You can use pandas.DataFrame.to_csv(), and setting both index and header to False:
In [97]: print df.to_csv(sep=' ', index=False, header=False)
18 55 1 70
18 55 2 67
18 57 2 75
18 58 1 35
19 54 2 70
pandas.DataFrame.to_csv can write to a file directly, for more info you can refer to the docs linked above.
Late to the party: Try this>
base_filename = 'Values.txt'
with open(os.path.join(WorkingFolder, base_filename),'w') as outfile:
df.to_string(outfile)
#Neatly allocate all columns and rows to a .txt file
#AHegde - To get the tab delimited output use separator sep='\t'.
For df.to_csv:
df.to_csv(r'c:\data\pandas.txt', header=None, index=None, sep='\t', mode='a')
For np.savetxt:
np.savetxt(r'c:\data\np.txt', df.values, fmt='%d', delimiter='\t')

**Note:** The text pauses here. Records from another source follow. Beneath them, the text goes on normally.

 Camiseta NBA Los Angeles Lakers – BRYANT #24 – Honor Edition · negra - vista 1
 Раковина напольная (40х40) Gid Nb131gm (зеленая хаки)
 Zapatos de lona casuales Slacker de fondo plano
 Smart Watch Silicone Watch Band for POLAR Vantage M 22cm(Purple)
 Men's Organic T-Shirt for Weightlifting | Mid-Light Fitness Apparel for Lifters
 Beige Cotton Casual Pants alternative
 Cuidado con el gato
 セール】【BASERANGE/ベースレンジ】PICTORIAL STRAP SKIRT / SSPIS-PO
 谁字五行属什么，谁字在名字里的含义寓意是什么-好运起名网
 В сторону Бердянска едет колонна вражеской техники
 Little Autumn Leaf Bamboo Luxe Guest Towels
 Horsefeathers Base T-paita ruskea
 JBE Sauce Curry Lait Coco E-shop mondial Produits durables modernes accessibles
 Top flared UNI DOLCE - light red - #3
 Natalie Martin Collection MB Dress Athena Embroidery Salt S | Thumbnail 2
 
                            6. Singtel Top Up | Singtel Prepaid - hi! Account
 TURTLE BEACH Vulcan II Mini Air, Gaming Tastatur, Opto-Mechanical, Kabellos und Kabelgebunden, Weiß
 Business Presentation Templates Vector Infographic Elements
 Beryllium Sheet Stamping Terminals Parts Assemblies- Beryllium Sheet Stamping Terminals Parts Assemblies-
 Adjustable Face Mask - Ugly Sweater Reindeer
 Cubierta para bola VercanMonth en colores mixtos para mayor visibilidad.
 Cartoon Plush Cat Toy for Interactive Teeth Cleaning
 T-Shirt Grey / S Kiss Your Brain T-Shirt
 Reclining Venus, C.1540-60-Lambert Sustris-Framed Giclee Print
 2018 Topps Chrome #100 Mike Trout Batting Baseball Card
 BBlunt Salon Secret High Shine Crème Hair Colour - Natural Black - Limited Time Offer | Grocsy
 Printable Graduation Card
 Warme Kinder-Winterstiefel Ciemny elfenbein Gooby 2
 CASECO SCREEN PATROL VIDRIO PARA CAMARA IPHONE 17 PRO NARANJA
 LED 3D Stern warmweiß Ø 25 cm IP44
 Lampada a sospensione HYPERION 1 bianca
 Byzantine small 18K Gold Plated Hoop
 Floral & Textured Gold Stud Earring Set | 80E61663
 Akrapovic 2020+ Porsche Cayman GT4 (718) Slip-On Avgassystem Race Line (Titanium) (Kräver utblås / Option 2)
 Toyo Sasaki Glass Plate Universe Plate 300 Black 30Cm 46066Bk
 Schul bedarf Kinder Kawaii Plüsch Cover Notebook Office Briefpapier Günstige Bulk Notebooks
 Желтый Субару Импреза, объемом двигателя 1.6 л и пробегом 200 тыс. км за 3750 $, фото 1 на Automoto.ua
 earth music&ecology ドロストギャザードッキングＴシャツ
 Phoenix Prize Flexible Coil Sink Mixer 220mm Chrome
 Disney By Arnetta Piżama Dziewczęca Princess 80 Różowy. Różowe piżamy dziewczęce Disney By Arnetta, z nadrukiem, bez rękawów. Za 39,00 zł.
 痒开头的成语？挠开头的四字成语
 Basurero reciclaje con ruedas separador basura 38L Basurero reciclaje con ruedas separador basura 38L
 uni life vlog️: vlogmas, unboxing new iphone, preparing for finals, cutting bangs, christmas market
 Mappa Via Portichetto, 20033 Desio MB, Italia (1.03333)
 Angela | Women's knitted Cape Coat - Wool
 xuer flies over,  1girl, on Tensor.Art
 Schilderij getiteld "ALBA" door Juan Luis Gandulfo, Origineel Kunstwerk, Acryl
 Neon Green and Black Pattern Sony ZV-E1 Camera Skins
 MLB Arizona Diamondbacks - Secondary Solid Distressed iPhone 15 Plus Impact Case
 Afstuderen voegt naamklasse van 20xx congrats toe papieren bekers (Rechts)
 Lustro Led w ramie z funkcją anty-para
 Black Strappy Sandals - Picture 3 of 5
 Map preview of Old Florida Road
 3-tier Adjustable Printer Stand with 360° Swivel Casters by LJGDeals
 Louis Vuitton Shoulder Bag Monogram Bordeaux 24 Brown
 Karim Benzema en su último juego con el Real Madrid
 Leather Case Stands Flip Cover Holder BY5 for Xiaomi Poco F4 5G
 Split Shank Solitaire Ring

Way to get Excel data to text file in tab delimited form.
Need to use Pandas as well as xlrd.
import pandas as pd
import xlrd
import os
Path="C:\downloads"
wb = pd.ExcelFile(Path+"\\input.xlsx", engine=None)
sheet2 = pd.read_excel(wb, sheet_name="Sheet1")
Excel_Filter=sheet2[sheet2['Name']=='Test']
Excel_Filter.to_excel("C:\downloads\\output.xlsx", index=None)
wb2=xlrd.open_workbook(Path+"\\output.xlsx")
df=wb2.sheet_by_name("Sheet1")
x=df.nrows
y=df.ncols
for i in range(0,x):
for j in range(0,y):
A=str(df.cell_value(i,j))
f=open(Path+"\\emails.txt", "a")
f.write(A+"\t")
f.close()
f=open(Path+"\\emails.txt", "a")
f.write("\n")
f.close()
os.remove(Path+"\\output.xlsx")
print(Excel_Filter)
We need to first generate the xlsx file with filtered data and then convert the information into a text file.
Depending on requirements, we can use \n \t for loops and type of data we want in the text file.
I used a slightly modified version:
with open(file_name, 'w', encoding = 'utf-8') as f:
for rec_index, rec in df.iterrows():
f.write(rec['<field>'] + '\n')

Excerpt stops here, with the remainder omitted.